▶

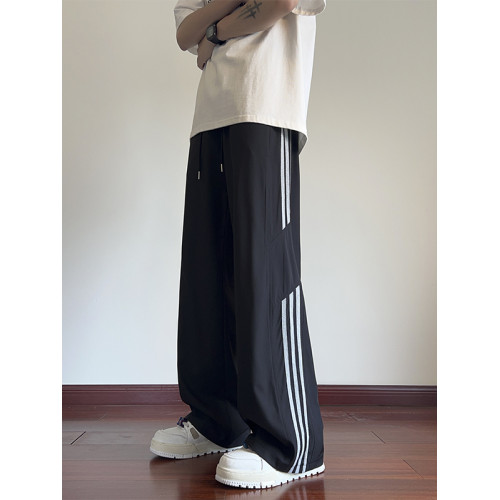 NASA條紋冰絲褲子男款夏季薄款寬松直筒濶腿褲2025新款休閒長褲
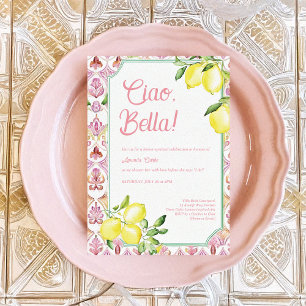 Ciao Bella Italiensk citron bröllopsdusch Inbjudningar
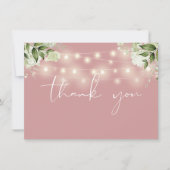 Dusty Rose Blumengrün String Lights Dankeskarte (Vorderseite)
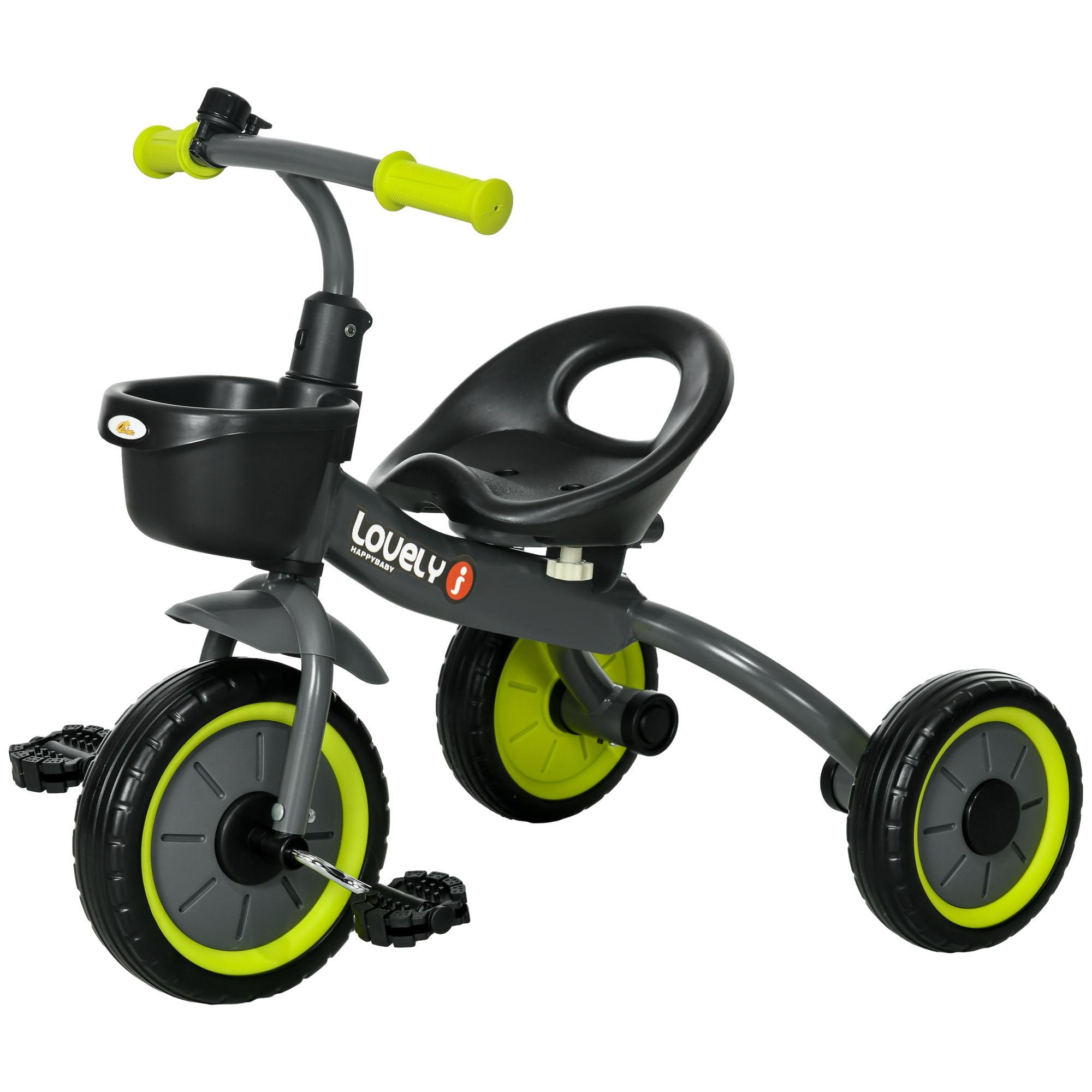 Black Toddler Tricycle with Adjustable Seat and Bell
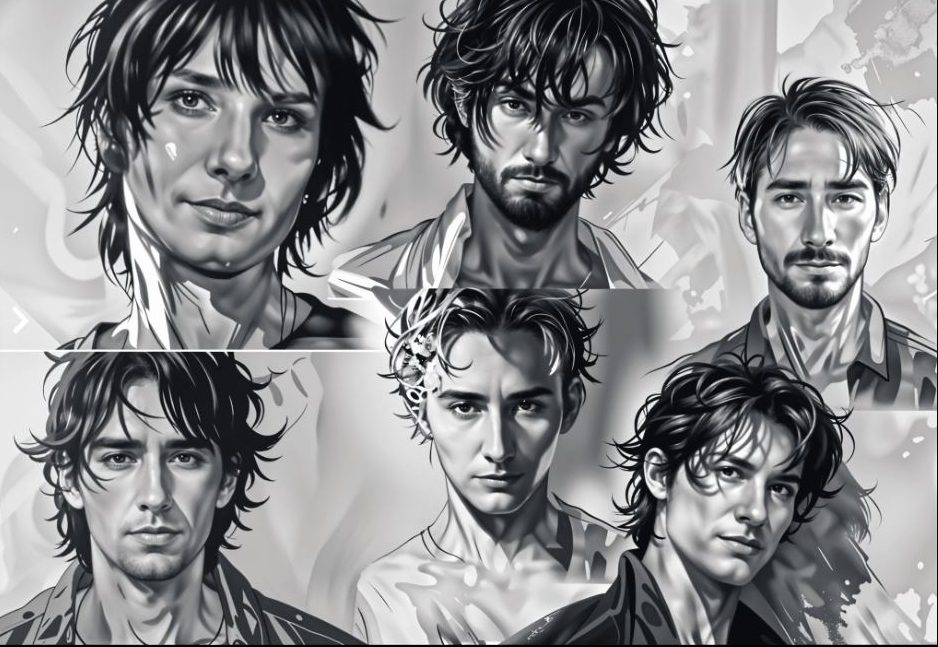 Six black and white charcoal-style portrait sketches of the band members.
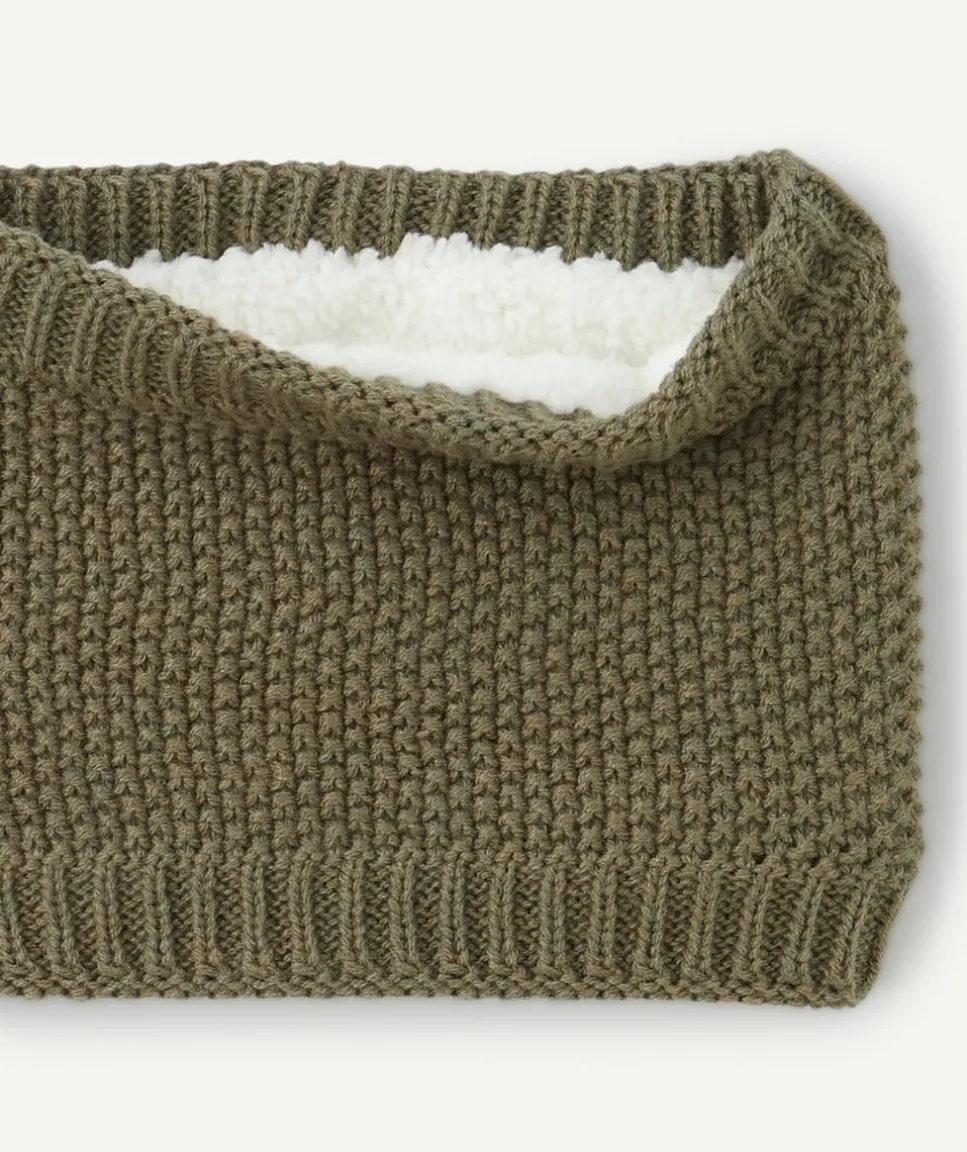Snood bébé garçon en tricot kaki
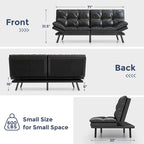 Futon Sofa Bed, Memory Foam Foldable Couch Convertible Loveseat Sleeper Daybed with Adjustable Armrests for Small Space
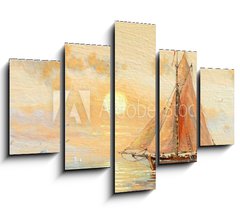 Obraz   Sea, boats, fisherman, oil paintings, 150 x 100 cm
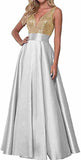 Women's Lien Rose Gold Evening Dresses Ball Dresses V-Necked Backs Of The Leadsmaid's Dresses Dinner Party Evening Dresses HZ0517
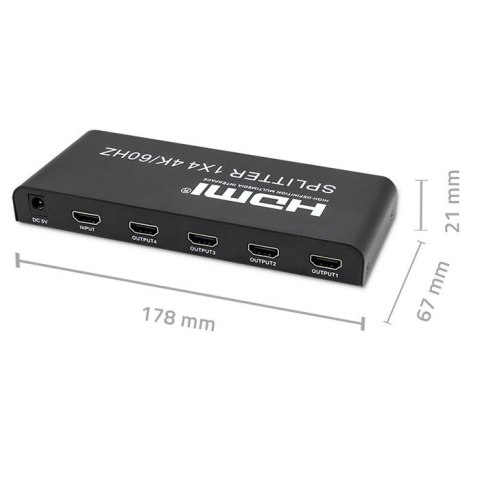 Qoltec QOLTEC ROZDZIELACZ SPLITTER 4XHDMI 4KX2K | 6GB/S | 60HZ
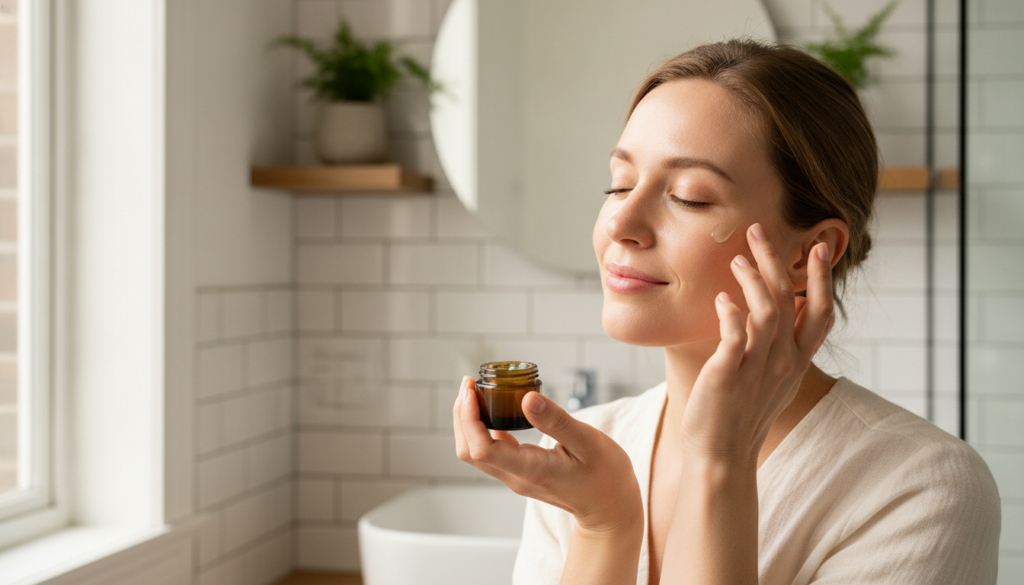 A woman gently applying a small amount of homemade gel to her face focusing on her cheek and under-eye area Her skin loo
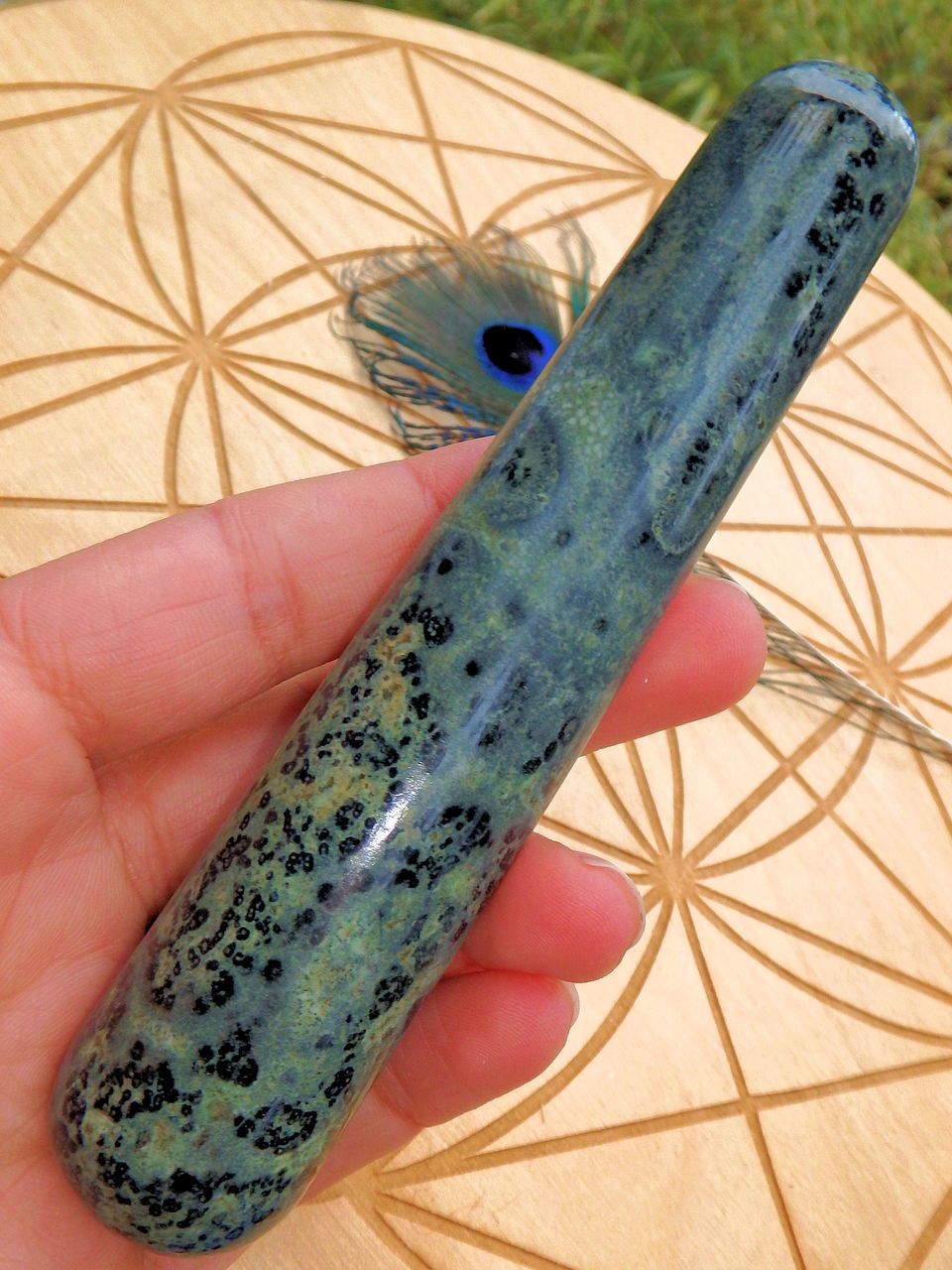 Green Orb Swirls Kambaba Jasper Wand - Earth Family Crystals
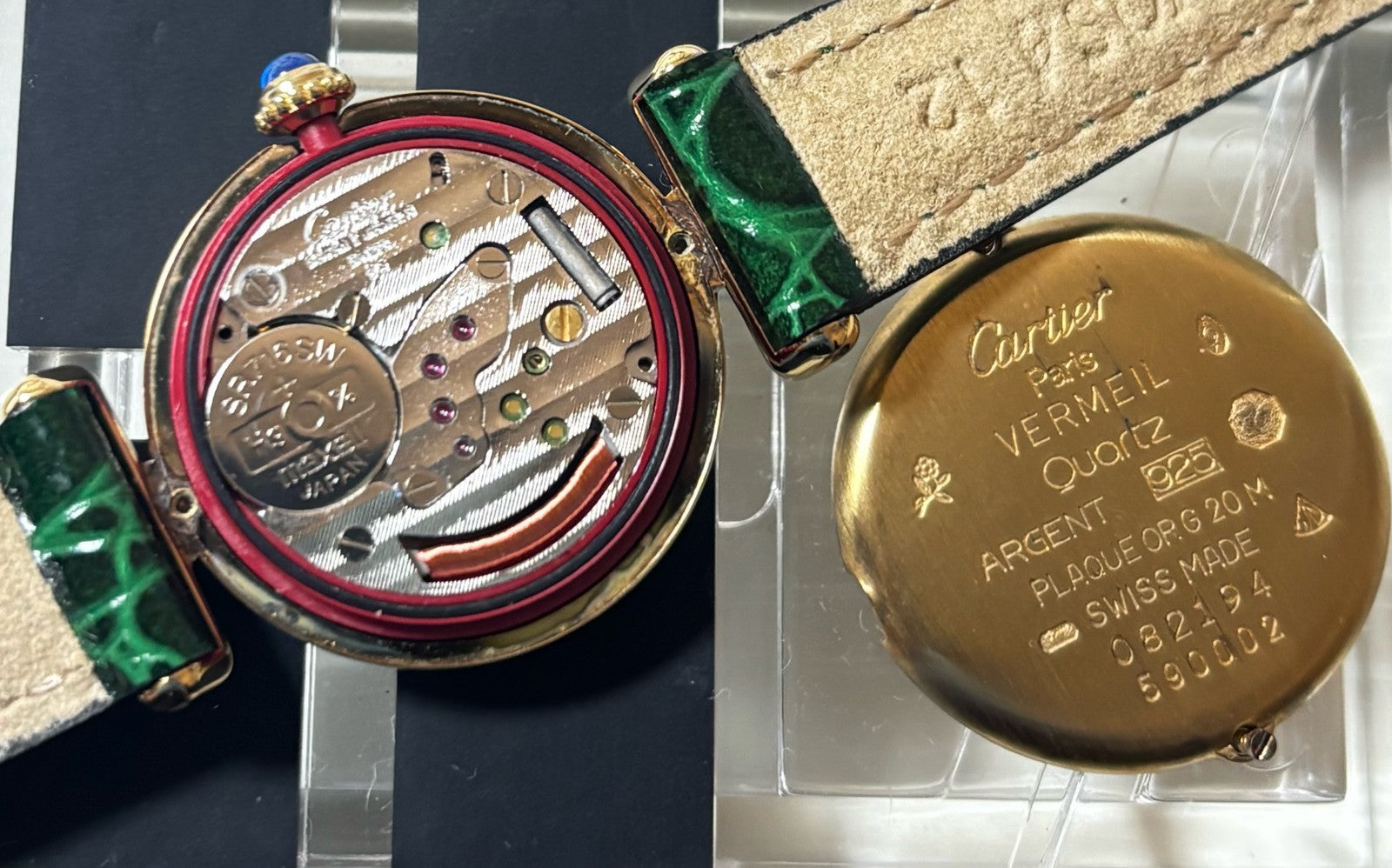 Vintage [w/Box] Cartier Must Colisee Vermeil 590002 Green Women's Quartz Watch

◀

● **Instructions to follow**
Leave out the pictures and give the rest of the material again, unaltered.

● **Response area**
 NASA條紋冰絲褲子男款夏季薄款寬松直筒濶腿褲2025新款休閒長褲
 Ciao Bella Italiensk citron bröllopsdusch Inbjudningar
 Dusty Rose Blumengrün String Lights Dankeskarte (Vorderseite)
 Black Toddler Tricycle with Adjustable Seat and Bell
 Six black and white charcoal-style portrait sketches of the band members.
Snood bébé garçon en tricot kaki
 Futon Sofa Bed, Memory Foam Foldable Couch Convertible Loveseat Sleeper Daybed with Adjustable Armrests for Small Space
 Obraz   Sea, boats, fisherman, oil paintings, 150 x 100 cm
 Women's Lien Rose Gold Evening Dresses Ball Dresses V-Necked Backs Of The Leadsmaid's Dresses Dinner Party Evening Dresses HZ0517
 Qoltec QOLTEC ROZDZIELACZ SPLITTER 4XHDMI 4KX2K | 6GB/S | 60HZ
 A woman gently applying a small amount of homemade gel to her face focusing on her cheek and under-eye area Her skin loo
 Green Orb Swirls Kambaba Jasper Wand - Earth Family Crystals
 Vintage [w/Box] Cartier Must Colisee Vermeil 590002 Green Women's Quartz Watch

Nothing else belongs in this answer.